In this blog post, I summarized what I call, (1) general preamble and (2) visualization preamble. Although I post (3) my map and (4) analysis preamble as well, I will be more detailed about them in the forthcoming posts.
1. General preamble
import pandas as pd
import numpy as np
import datetime as dt
I need pandas and numpy always. Therefore, I always start with these two. I work often with time series. That’s why I need the third line. With datetime you can define the date, set an index on date and do all other date relevant manipulations.
2. Visualization
import seaborn as sns
import matplotlib.pyplot as plt
%matplotlib inline
These lines are the very general, with seaborn and matplotlib we will cover most of visualizations, of any kind.
Then, we can become more specific and define the style and context. Refer to seaborn page for details. I prefer ‘whitegrid’ and ‘talk’ and set them in the beginning as my personized default framework. Refer to the seaborn for further options.

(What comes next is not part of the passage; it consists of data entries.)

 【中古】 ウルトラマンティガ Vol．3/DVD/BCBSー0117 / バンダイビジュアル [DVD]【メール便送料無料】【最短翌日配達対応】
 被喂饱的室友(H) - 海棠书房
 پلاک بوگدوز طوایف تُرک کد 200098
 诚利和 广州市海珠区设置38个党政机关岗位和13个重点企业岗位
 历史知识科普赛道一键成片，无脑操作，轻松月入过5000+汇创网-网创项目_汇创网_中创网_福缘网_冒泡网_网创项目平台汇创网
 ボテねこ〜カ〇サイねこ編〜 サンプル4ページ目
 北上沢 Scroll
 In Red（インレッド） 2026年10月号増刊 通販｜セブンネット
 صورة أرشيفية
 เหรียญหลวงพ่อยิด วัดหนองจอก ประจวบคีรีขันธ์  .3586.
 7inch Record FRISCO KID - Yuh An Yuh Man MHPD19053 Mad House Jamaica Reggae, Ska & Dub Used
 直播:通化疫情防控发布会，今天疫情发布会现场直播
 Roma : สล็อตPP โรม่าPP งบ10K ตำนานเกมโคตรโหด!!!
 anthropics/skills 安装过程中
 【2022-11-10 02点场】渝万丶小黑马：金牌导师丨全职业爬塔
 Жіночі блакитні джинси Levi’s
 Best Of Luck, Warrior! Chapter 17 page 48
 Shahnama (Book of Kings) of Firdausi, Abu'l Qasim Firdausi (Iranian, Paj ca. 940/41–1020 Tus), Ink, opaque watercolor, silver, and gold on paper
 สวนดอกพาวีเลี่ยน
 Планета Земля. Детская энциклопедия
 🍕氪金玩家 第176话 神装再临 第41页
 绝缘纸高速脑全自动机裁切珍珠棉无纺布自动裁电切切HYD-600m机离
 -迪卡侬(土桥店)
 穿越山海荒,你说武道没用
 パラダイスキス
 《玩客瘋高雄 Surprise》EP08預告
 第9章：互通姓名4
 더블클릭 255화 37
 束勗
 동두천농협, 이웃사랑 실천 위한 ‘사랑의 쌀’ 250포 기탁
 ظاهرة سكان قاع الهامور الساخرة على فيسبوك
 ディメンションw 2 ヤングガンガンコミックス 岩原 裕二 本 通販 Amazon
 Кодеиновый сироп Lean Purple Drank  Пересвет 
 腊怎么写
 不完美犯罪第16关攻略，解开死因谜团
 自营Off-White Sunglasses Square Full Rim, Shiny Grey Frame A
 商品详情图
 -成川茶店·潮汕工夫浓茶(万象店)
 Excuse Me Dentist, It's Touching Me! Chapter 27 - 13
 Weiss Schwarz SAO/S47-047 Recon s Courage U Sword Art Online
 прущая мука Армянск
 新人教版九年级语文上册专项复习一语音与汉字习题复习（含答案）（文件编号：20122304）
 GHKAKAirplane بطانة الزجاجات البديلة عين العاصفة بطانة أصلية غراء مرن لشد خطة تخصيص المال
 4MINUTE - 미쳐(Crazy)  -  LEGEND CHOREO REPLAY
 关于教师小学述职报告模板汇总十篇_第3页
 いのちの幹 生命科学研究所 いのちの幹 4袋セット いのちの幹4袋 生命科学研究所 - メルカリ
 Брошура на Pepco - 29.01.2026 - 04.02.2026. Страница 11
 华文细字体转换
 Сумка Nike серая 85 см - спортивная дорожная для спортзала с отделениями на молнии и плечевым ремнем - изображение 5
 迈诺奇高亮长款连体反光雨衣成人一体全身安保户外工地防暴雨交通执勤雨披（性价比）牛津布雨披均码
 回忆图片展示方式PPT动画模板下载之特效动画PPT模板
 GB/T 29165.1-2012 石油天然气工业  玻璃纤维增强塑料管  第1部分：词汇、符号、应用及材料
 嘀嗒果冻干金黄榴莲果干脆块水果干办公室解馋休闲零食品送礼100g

sns.set_style(‘whitegrid’)
sns.set_context(‘talk’)
Furthermore, if you work for the company which have corporate identity with predefined colors, it is useful to create your own palette with company colors. The graphs would automatically get these colors (as long as you not overrule it). The corporate identity colors at my company are ordered in an agreed way. So, by the ordering in the list you define the order in which the colors are applied automatically.
mycolors = [‘#0076a7′,’#ae5b3a’,’#CD997C’,’#EDD195′] #list of colors, I prefer hex numbers for colors
sns.set_palette(mycolors) # define the palette
sns.palplot(sns.color_palette()) # display
3. Maps
Maps are special kind of visualization, they worth a separate blog post (forthcoming). You will find my preamble for them below.
import folium
from folium.plugins import MarkerCluster #if you want to cluster
from folium.plugins import MiniMap # cool minimap in the low right corner of the big map
from folium import plugins
from folium import FeatureGroup #if you customize
4. Analysis
I am time series econometrician. Therefore, my analysis preamble is very time series biased. You start time series analysis with tests to understand the autocorrelation structure of your variables. I would be more detailed on data analysis with python in my forthcoming blogs.
import statsmodels.api as sm
from statsmodels.tsa.stattools import adfuller #Augmented Dickey-Fuller unit root test
from statsmodels.graphics.tsaplots import plot_acf #autocorrelation function
from statsmodels.graphics.tsaplots import plot_pacf #partial autocorrelation
from statsmodels.tsa.api import VAR, DynamicVAR #for time series analysis
You will find a lot useful explanations and relavant packages on statmodels webpage.